Is PBS ready now for a Joan Kroc-type gift?
I am always ready for a Joan Kroc gift. I do wish the foundation had been in place back then. This foundation had been talked about for the last couple of years. It has been a vision of PBS CEO Pat Mitchell and the board, and they fast-tracked this over the last year to put a mechanism and foundation in place to be able to accept those kinds of extraordinary gifts.
Is there another Joan Kroc out there for PBS?
I am sure there is, and my job is to help uncover that potential.
ABOUT CHERI CARTER, EXECUTIVE DIRECTOR OF THE PBS FOUNDATION
Education: Earned her bachelor’s degree in journalism and mass communication at the University of Georgia in 1977.
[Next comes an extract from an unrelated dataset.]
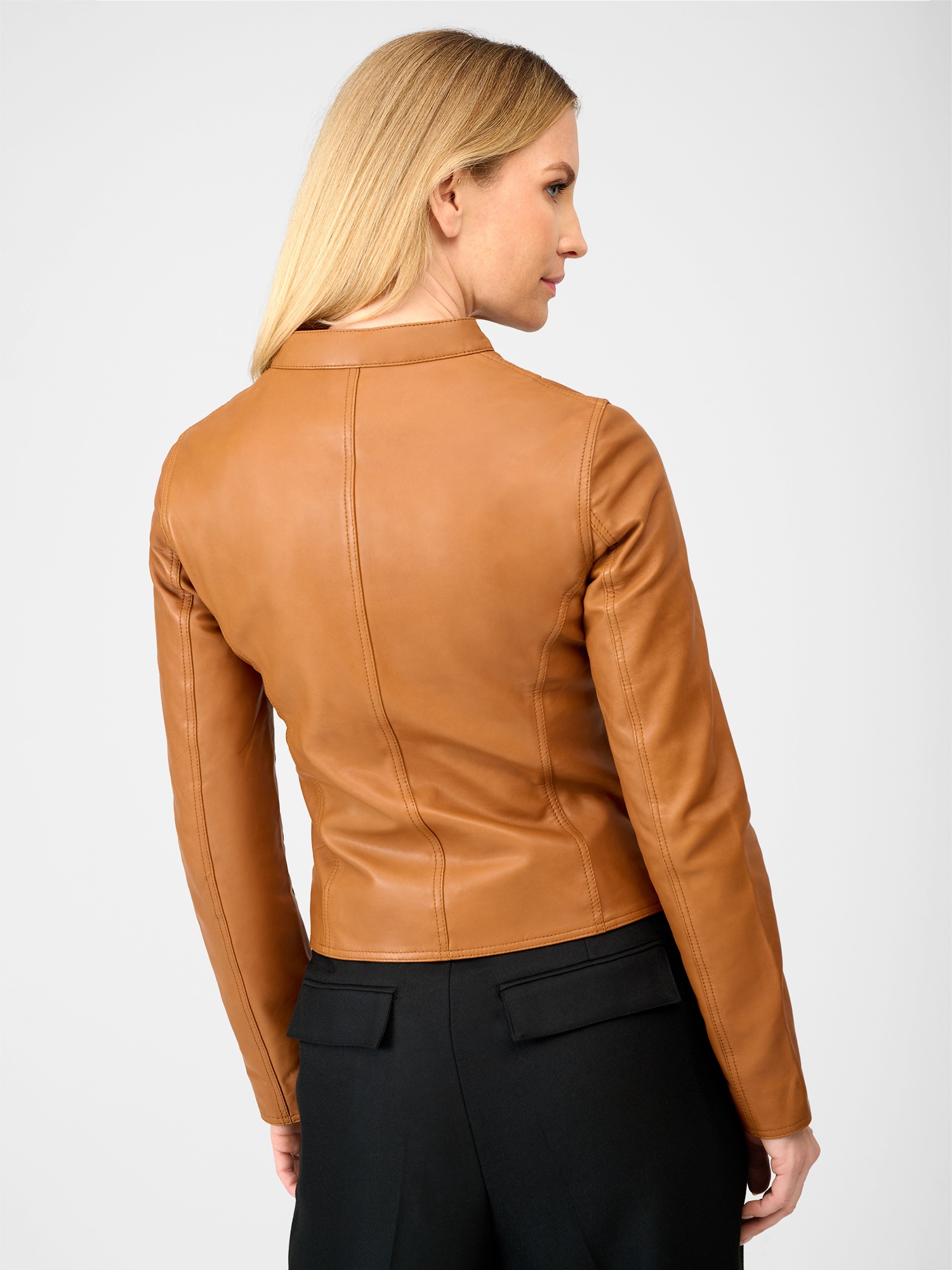 RICANO Lederjacke »Lederjacke Aurore« ohne Kapuze Handgefertigt aus echtem Leder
Previous employment: Started her career as a Congressional aide, then took fund-raising and public-relations jobs in Florida, was a special-events coordinator and then deputy finance director for the Democratic National Committee, and served as director of external affairs for the late U.S. Secretary of Commerce Ronald H. Brown. She worked in the Office of Public Liaison during part of the Clinton administration, and as the chief operating officer of the 2000 Democratic National Convention. In 2001, Ms. Carter became a fund raiser for the Elizabeth Glaser Pediatric AIDS Foundation, in Washington.
What she is reading now: Moloka’i, by Alan Brennert, a historical novel based in Hawaii, Ms. Carter’s favorite place to visit.
Favorite Sesame Street character: Big Bird, “because,” she says, “he is sweet and bigger than life.”